Postby Nogon » Fri Mar 24, 2023 7:56 am

kundalini wrote:The battle scenes are definitely easier to read

kundalini wrote:Read to 11.458. More battle scenes.

Sounds like the Iliad. You are reading the Iliad, aren't you? Many years ago I read it in translation. I still vividly remember the boredom it gave me, and my exasperation each time I encountered the phrase "und die Waffen fielen rasselnd zu Boden" (something like "and the weapons fell clatteringly to the ground"). I'm sure you know that phrase by heart now, given the incredible amount of people dying in battles and their weapons falling to the ground together with themselves.
The Odyssey was a more interesting read, but I guess it would be harder to read for a learner, just because of its more varying plot and - I guess - vocabulary.
1 x
Assimil French : 65 / 113
Active wave : 15 / 113

kundalini
Orange Belt
Posts: 112
Joined: Sun Jan 24, 2021 8:17 pm
Languages: English (C), Greek (low intermediate)
x 343

Re: kundalini's log

Postby kundalini » Fri Mar 24, 2023 5:53 pm

Nogon wrote:Sounds like the Iliad. You are reading the Iliad, aren't you? Many years ago I read it in translation. I still vividly remember the boredom it gave me, and my exasperation each time I encountered the phrase "und die Waffen fielen rasselnd zu Boden" (something like "and the weapons fell clatteringly to the ground"). I'm sure you know that phrase by heart now, given the incredible amount of people dying in battles and their weapons falling to the ground together with themselves.
The Odyssey was a more interesting read, but I guess it would be harder to read for a learner, just because of its more varying plot and - I guess - vocabulary.
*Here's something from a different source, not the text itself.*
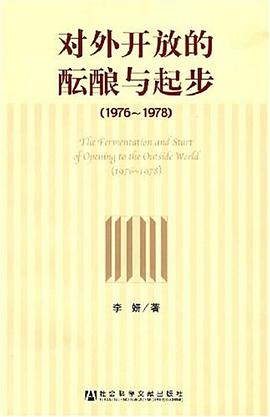 對外開放的醞釀與起步 對外開放的醞釀與起步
There is indeed quite a bit of repetition in the Iliad. The initial shock I experienced while reading descriptions of spears entering through the upper back and exiting out of the chest, or piercing the bladder, or entering through the jaw and cleaving the tongue have, through repetition, worn off. But I haven't experienced boredom yet, I think partly out of just trying to keep up with the torrent of new words, perhaps also partly out of a psychological need to recoup the heavy investment I've made to read the Iliad, and additionally, I think out of a fascination with the urgency of the storytelling.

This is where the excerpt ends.